■ **DESCRIPTION OF THE TASK**: Repeat nothing but the lines below running from the one containing "Colour Contrast Analyser, and" to the one containing "Men Sweaters and". Keep both end lines.

■ **EXCERPTED DATA**:
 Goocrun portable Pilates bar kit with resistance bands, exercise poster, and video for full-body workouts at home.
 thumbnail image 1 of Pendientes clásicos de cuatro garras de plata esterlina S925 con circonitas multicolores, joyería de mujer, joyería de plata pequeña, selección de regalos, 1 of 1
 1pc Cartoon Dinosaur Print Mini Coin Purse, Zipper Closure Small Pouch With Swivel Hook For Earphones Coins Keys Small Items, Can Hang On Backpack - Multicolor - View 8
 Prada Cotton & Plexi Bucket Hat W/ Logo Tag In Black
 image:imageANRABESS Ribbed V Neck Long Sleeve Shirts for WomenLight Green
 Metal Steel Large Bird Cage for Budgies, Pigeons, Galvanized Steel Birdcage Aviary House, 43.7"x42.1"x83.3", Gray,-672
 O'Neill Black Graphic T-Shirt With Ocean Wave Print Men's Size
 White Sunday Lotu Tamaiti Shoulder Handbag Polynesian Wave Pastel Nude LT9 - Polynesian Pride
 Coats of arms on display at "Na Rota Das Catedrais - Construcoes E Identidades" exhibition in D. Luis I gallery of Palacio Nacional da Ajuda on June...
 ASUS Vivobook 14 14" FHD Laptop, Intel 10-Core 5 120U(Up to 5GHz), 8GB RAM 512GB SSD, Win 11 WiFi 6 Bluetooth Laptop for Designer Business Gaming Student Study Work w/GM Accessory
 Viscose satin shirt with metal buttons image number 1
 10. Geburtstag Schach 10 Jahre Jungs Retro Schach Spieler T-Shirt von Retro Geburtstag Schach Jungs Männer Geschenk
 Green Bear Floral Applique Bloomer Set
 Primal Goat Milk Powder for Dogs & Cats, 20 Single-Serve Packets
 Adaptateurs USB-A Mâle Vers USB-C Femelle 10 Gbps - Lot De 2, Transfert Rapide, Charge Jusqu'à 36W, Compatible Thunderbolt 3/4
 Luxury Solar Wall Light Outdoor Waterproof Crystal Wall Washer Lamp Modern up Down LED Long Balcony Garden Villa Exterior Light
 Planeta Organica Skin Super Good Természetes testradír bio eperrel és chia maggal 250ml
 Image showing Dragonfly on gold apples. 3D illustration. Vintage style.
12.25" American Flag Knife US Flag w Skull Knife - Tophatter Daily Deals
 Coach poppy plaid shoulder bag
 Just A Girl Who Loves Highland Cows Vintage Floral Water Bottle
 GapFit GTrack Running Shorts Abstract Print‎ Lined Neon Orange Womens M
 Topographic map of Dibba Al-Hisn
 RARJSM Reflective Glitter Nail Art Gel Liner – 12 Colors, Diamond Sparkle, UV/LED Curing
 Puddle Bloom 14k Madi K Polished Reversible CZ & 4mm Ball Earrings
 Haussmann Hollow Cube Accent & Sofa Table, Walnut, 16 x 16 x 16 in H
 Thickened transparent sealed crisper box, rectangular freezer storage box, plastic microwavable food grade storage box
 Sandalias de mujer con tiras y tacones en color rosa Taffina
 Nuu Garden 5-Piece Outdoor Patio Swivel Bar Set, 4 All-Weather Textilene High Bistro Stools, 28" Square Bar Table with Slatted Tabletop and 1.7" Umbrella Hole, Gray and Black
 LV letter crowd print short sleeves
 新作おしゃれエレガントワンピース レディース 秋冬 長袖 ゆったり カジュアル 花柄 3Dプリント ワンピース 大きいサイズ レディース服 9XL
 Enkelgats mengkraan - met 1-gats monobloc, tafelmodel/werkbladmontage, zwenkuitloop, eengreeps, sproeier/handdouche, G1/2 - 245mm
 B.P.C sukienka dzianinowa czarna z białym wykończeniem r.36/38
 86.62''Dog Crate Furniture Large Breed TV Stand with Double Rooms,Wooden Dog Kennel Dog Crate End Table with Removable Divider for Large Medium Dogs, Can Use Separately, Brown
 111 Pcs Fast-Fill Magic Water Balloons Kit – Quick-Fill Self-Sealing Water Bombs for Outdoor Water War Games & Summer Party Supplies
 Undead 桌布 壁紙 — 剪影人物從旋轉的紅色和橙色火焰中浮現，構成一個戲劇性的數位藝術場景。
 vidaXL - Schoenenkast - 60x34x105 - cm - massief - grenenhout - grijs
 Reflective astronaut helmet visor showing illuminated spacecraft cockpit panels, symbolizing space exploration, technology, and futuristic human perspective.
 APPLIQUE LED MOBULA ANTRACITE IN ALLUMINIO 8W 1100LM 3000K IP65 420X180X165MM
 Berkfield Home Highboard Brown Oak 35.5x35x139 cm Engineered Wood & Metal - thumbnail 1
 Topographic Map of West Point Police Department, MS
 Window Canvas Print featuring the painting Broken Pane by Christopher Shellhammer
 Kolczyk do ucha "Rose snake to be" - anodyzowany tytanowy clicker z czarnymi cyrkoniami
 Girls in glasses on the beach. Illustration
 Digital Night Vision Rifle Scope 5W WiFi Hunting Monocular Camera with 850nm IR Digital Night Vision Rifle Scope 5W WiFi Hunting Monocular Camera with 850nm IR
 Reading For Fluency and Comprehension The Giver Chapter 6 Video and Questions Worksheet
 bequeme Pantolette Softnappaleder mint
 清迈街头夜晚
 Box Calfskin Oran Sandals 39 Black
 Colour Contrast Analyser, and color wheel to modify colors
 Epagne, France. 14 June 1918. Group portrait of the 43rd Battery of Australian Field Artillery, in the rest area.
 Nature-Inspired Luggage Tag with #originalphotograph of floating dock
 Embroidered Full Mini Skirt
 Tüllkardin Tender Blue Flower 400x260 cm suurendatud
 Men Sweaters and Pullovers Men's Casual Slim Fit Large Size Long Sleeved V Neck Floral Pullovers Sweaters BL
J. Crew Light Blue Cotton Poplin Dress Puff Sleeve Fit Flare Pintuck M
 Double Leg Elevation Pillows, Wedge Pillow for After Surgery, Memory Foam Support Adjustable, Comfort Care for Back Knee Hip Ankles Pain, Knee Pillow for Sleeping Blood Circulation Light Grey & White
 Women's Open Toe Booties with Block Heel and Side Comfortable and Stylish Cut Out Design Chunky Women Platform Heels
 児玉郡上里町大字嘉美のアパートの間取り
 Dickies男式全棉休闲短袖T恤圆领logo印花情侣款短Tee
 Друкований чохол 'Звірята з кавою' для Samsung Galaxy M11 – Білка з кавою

■ **EXERCISE RESULT**:
 Colour Contrast Analyser, and color wheel to modify colors
 Epagne, France. 14 June 1918. Group portrait of the 43rd Battery of Australian Field Artillery, in the rest area.
 Nature-Inspired Luggage Tag with #originalphotograph of floating dock
 Embroidered Full Mini Skirt
 Tüllkardin Tender Blue Flower 400x260 cm suurendatud
 Men Sweaters and Pullovers Men's Casual Slim Fit Large Size Long Sleeved V Neck Floral Pullovers Sweaters BL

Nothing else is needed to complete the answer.